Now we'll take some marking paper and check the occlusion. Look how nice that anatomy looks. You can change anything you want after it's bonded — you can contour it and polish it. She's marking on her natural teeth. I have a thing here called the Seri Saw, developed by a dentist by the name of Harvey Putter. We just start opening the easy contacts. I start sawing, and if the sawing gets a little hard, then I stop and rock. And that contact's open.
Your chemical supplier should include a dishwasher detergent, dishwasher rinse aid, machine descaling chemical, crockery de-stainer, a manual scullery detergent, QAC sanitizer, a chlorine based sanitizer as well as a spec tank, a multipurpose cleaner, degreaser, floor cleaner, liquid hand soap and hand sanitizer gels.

==

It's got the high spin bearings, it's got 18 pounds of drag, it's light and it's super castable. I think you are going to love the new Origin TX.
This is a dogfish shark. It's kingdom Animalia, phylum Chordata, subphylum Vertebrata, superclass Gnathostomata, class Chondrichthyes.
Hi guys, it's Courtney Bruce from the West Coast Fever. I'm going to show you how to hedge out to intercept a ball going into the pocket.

---

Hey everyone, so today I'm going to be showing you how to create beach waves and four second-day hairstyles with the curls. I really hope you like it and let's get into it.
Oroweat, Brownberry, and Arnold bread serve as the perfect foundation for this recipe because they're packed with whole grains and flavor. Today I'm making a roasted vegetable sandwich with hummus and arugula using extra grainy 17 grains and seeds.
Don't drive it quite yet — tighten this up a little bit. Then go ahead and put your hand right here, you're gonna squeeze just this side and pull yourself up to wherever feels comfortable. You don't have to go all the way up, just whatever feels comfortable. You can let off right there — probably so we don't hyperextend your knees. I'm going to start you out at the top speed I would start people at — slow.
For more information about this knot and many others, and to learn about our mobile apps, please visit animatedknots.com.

● Task requirements:
Report, for the data above, every line in which the string "with" appears.

● Task result:
Hey everyone, so today I'm going to be showing you how to create beach waves and four second-day hairstyles with the curls. I really hope you like it and let's get into it.
Oroweat, Brownberry, and Arnold bread serve as the perfect foundation for this recipe because they're packed with whole grains and flavor. Today I'm making a roasted vegetable sandwich with hummus and arugula using extra grainy 17 grains and seeds.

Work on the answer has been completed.